We’ve done other things besides eat excellent food.  We took a printmaking class, where I discovered that I am as gifted with printmaking as I am at photography.  Look at my hubs rock the smock:

Even though it’s very cold, this is a lovely time to visit Latvia, noted as the place where they decorated the first Christmas tree ever.  As you’re putting up your trees this month, say a little thank you to our Baltic friends for inventing it.  Riga is filled with Christmas trees right now, and we’ve had a blast walking around the city finding them.  Some are modern art installations and others are more traditional, like this one:

All over town, we find Christmas markets with artisans selling handmade crafts and souvenirs.  Lovely smells waft about, like mulled wine simmering over fires, fresh gingerbread, and fresh hay.

These sheep make some less-than-lovely smells, too, but A– loved to feed them:

Daytime shot:

Sometimes we get so cold that we have to duck into a coffee shop for a soulful cup of coffee.  Soulful, I tell you.  Full of soul.  People, gas station coffee in Latvia is better than five-star restaurant coffee in the States.  I’m sorry to have to break this to you.  It’s true.  They brew an excellent cup of joe.  Joe would be proud.  Anyway, at this particular coffee shop, Daddy and A– got all cute and cuddly and then she got shy when I tried to capture it with my lightning photog reflexes:

And we have had several epic snowball fights.  Here’s our snow angel:

From the top of St.

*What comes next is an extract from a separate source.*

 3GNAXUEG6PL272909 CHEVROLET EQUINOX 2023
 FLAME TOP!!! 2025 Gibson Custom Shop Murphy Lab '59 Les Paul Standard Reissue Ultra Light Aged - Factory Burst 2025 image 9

Peter’s cathedral, we enjoyed a brisk wind and breathtaking panorama of Riga.

After the first big snow of the season, their beautiful birch trees bowed with the weight of the heavy snow.  I’ve been to Narnia.  I’ve seen Aslan, and he’s on the move.

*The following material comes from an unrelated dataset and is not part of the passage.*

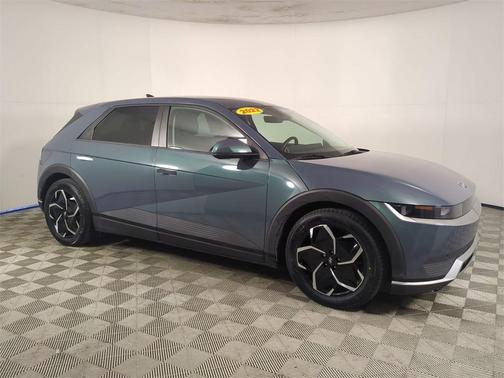 2022 Hyundai IONIQ 5 SEL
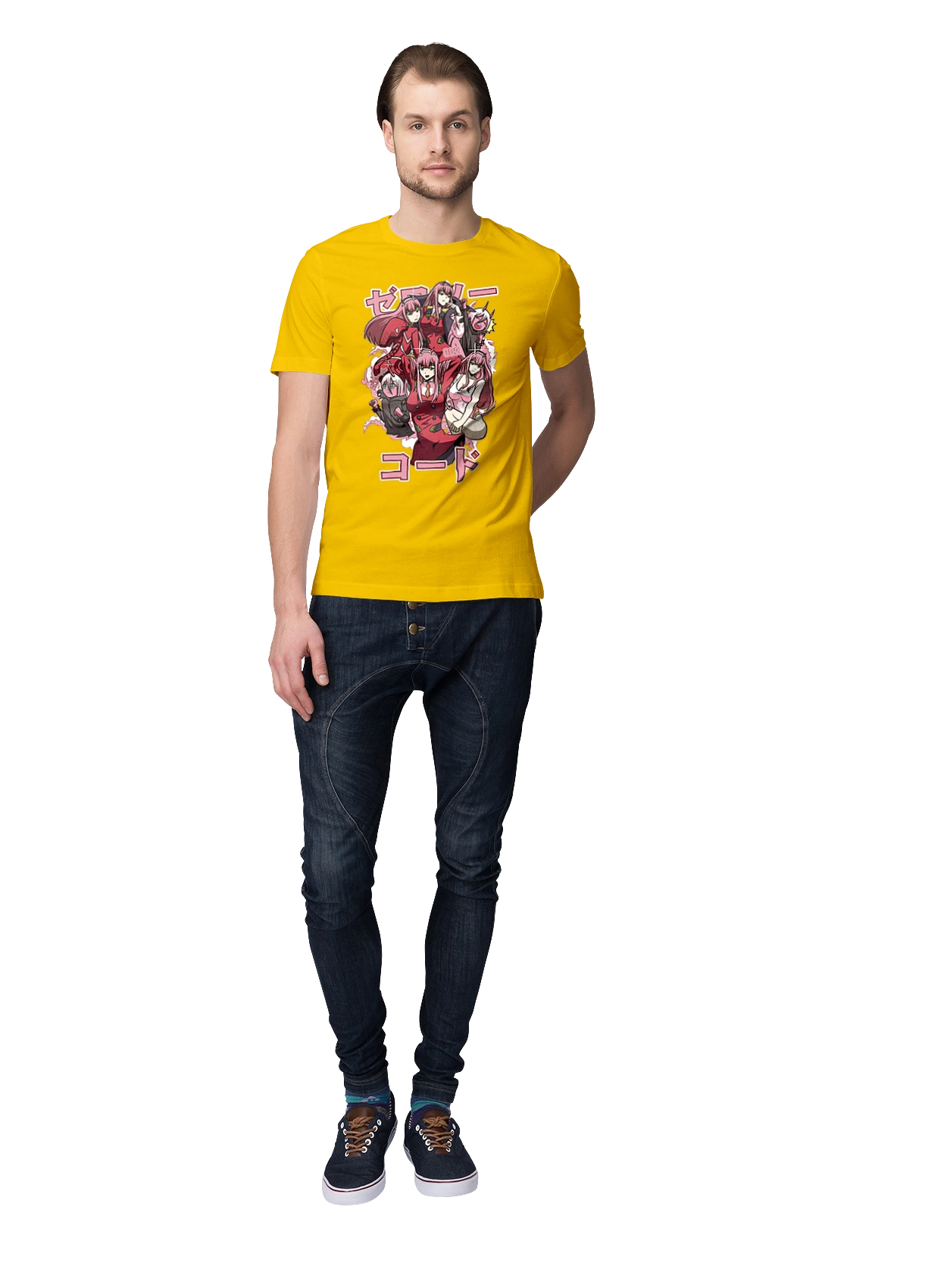 Коханий у Франксі Zero Two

And here’s me at the top of the world.  That’s what it felt like.  At the top of the world, staring into the open Baltic Sea, I stood on top of a sand dune covered in snow.  A snow dune, if you will.

One glistening, glorious surprise in the midst of this whirlwind trip abroad is meeting another adoptive family.  Today, the other mom and I successfully slid past home plate together.  That may be a record in mom dating, even for me.  In two weeks time, we met on a tour of the city with our kids in tow.  We went out as families several times, then earlier this week she had me back to her place.  Today, we managed to meet sans children for liquid chocolate bars at a fancy chocolatier.

Fourth base chocolate coma mom date.  I’m in deep, deep like.  And yes, I may have shared a couple of poop stories and for sure we’ve full frontal hugged it out on several occasions.  I definitely went too deep too soon on a number of topics, but I think there’s an out-of-the-country exemption clause.

We’ve done many, many other fun things here, but do I have pictures?  No, no I do not.